Frauenfußball-WM in Frankreich: Und der Ball rollt doch

Noch nie war der Frauenfußball so mediatisiert wie bei der Frauen-WM, die am Sonntag in Lyon zu Ende kommt: viel wurde über wie und warum Frauen eigentlich Fußball spielen geredet. Schöne Tore und spannende Spiele gab es auch.

Die Niederländerin Desiree Van Lunteren im Zweikampf mit der Schwedin Julia Zigiotti im Halbfinalspiel vom 3. Juli.
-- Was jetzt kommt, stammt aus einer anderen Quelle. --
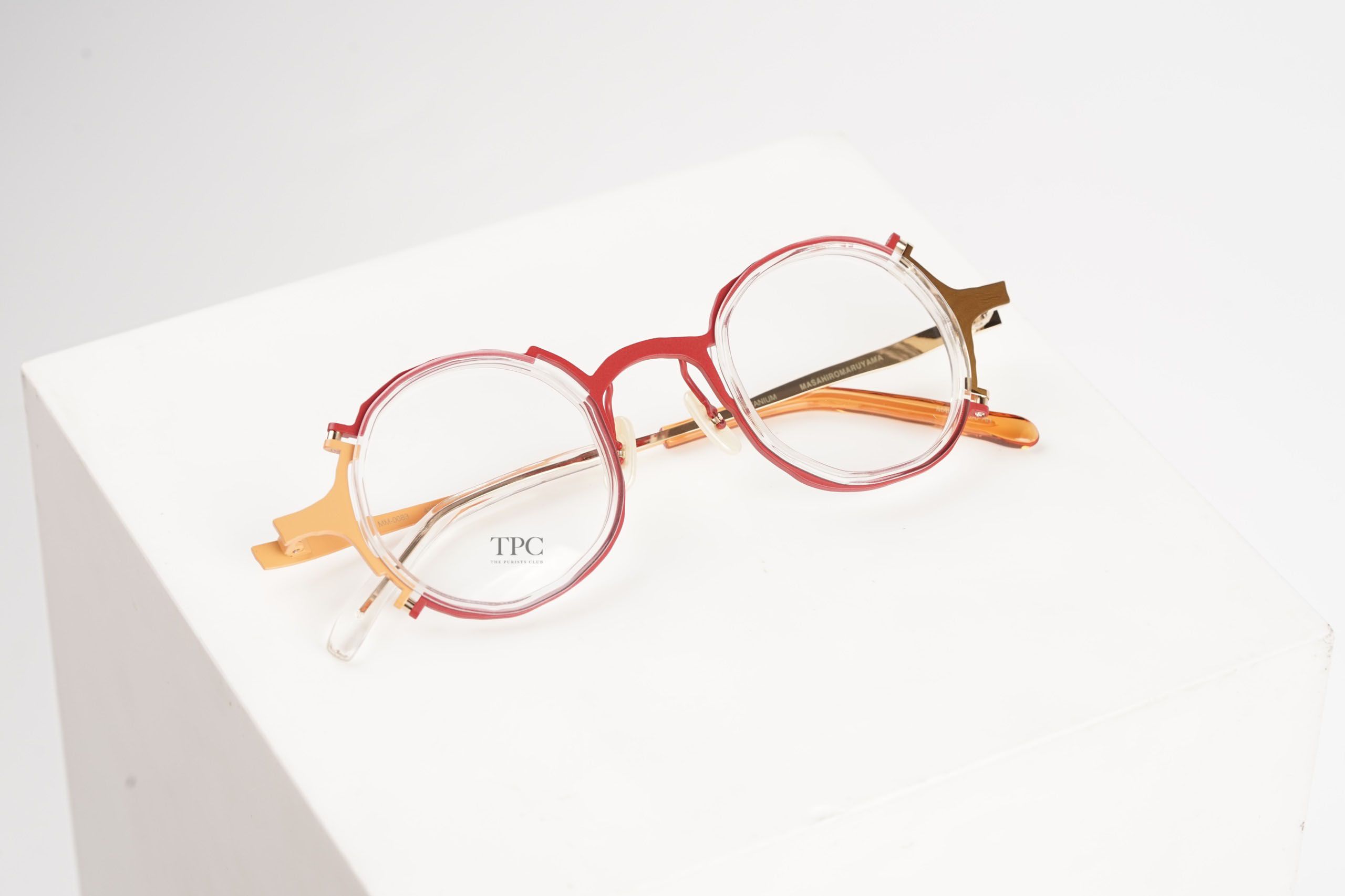 MM-0083 No.3 Clear/Orange-Red-Gold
Die Niederländerinnen zogen mit 1:0 ins Finale ein. (Foto: EPA-EFE)

Als ich vor 20 Jahren dem lokalen Fußballverein beitreten wollte, erklärte die Frau des damaligen Präsidenten meiner Mutter, dass ich donnerstags beim Training vorbeischauen könnte – sie meinte … zuschauen, nicht mittrainieren. Mädchen spielen doch keinen Fußball.
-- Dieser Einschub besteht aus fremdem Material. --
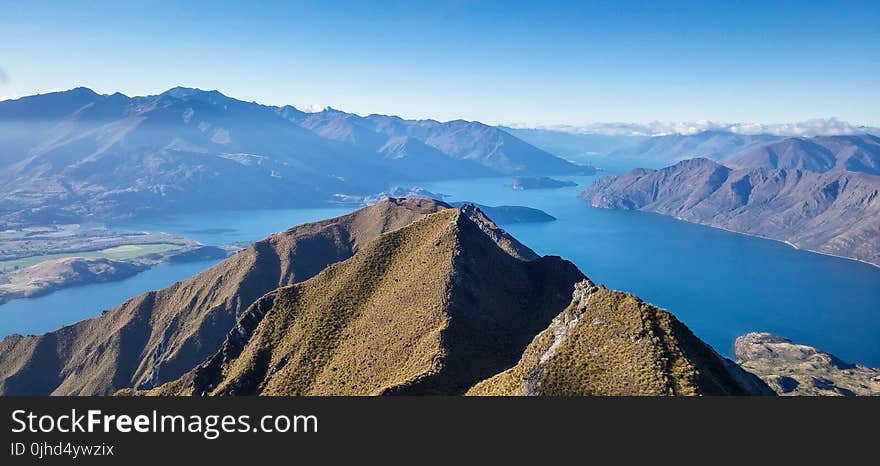 Aerial View Of Mountain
Meiner Liebe zum Sport tat dies keinen Abbruch. 2011 reiste ich nach Frankfurt, um mir das Finale der Frauen-Weltmeisterschaft zwischen den USA und Japan anzuschauen – ein Spiel, bei dem es alles gab, was man sich als Fußballfan wünschen konnte: Tore, Gegentore, rote Karten und einen japanischen Erfolg im Elfmeterschießen.

Eine der Torschützinnen des damaligen Finales sorgt auch bei der hiesigen WM für Furore: Alex Morgan krönte ihre Leistung beim 13 – 0 Kantersieg im Gruppenspiel gegen Thailand mit nicht weniger als fünf Toren. Man kann über den ausgiebigen Torjubel der Amerikanerinnen nachdem das Spiel längst entschieden war, debattieren. Vor allem verbildlichten diese 90 Minuten aber, dass die Leidenschaft für den Sport die gleiche sein kann, es aber auch auf höchstem sportlichen Niveau ungleiche Bedingungen gibt.

Besagte Alex Morgan hat heute allein auf Instagram 5.8 Millionen Follower, dazu Sponsorendeals mit Nike, Coca-Cola und McDonalds, ihr Haarband einen eigenen Twitteraccount. Die thailändischen Spielerinnen müssen sich auf Nualphan Lamsam verlassen. Die Trainerin der Nationalmannschaft ist Vorsitzende einer der größten Versicherungsgesellschaften des Landes, hat die Nationalspielerinnen bei ihrer eigenen Firma eingestellt und kann nur dadurch sichern, dass diese auch genügend Zeit fürs Fußballspielen aufbringen können.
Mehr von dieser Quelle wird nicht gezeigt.